* [Try it] From the records below, take each line where the string "studio" shows up and copy it.

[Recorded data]
■ ■ ■ ■ ■
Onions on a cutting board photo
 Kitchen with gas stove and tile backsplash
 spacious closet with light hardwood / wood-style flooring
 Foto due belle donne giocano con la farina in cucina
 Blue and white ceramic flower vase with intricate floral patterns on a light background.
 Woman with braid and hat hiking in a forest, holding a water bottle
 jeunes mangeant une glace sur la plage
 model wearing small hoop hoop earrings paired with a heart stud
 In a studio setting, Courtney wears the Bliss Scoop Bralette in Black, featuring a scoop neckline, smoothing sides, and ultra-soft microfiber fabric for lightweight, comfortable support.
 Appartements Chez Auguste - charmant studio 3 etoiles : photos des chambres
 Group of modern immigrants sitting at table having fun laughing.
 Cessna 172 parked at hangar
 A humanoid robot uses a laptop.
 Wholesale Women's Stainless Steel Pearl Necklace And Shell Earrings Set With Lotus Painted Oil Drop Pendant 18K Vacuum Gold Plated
■ ■ ■ ■ ■
* [Reply]
 In a studio setting, Courtney wears the Bliss Scoop Bralette in Black, featuring a scoop neckline, smoothing sides, and ultra-soft microfiber fabric for lightweight, comfortable support.
 Appartements Chez Auguste - charmant studio 3 etoiles : photos des chambres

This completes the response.